Discussion related to DC area passenger rail services from Northern Virginia to Baltimore, MD. Includes Light Rail and Baltimore Subway.

Moderators: mtuandrew, therock, Robert Paniagua

 #1378272  by mtuandrew
 
MACTRAXX wrote:In comparison can MARC and VRE - on their routes paralleling Metro lines - offer any form of added service
during the term of a Metrorail route closure period? Can they reasonably accommodate added riders that do
normally use Metro during any major service changes such as the recent 3/16 one day shutdown?

MACTRAXX
In four areas, yes:

-Union Station - L'Enfant - Crystal City - Alexandria - Springfield, for the Blue/Yellow Lines.
-WUS - New Carrollton (no intermediate stops currently), for the Orange Line.
-WUS - Silver Spring - Kensington - Rockville, directly paralleling the Red Line.
-WUS - College Park - Greenbelt, for the Green/Yellow Rush Plus Lines.

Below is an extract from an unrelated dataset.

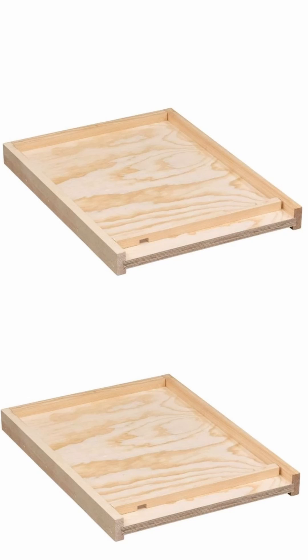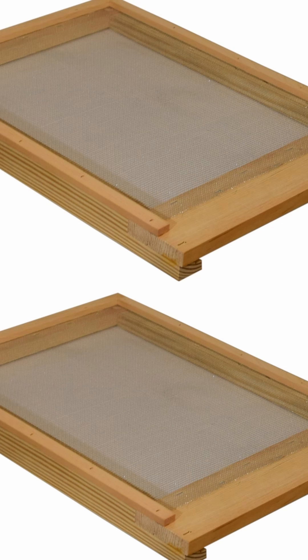Both have great advantages and disadvantages. The solid bottom board is going to allow you to have strength, rigidity, and protection from predators and the elements. However, it's not going to allow bugs and detritus to fall through — and that's where the screen bottom board comes in.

Otherwise, commuter rail can do nothing for the Orange & Silver west of L'Enfant, nothing for the Red west of Union Station, nothing for the Blue/Silver east of L'Enfant, and nothing for the Green south of L'Enfant (or between College Park and L'Enfant.) That leaves a LOT of the system uncovered, with a fair amount (Red and Yellow/Green north of downtown in particular) not parallel to major highways.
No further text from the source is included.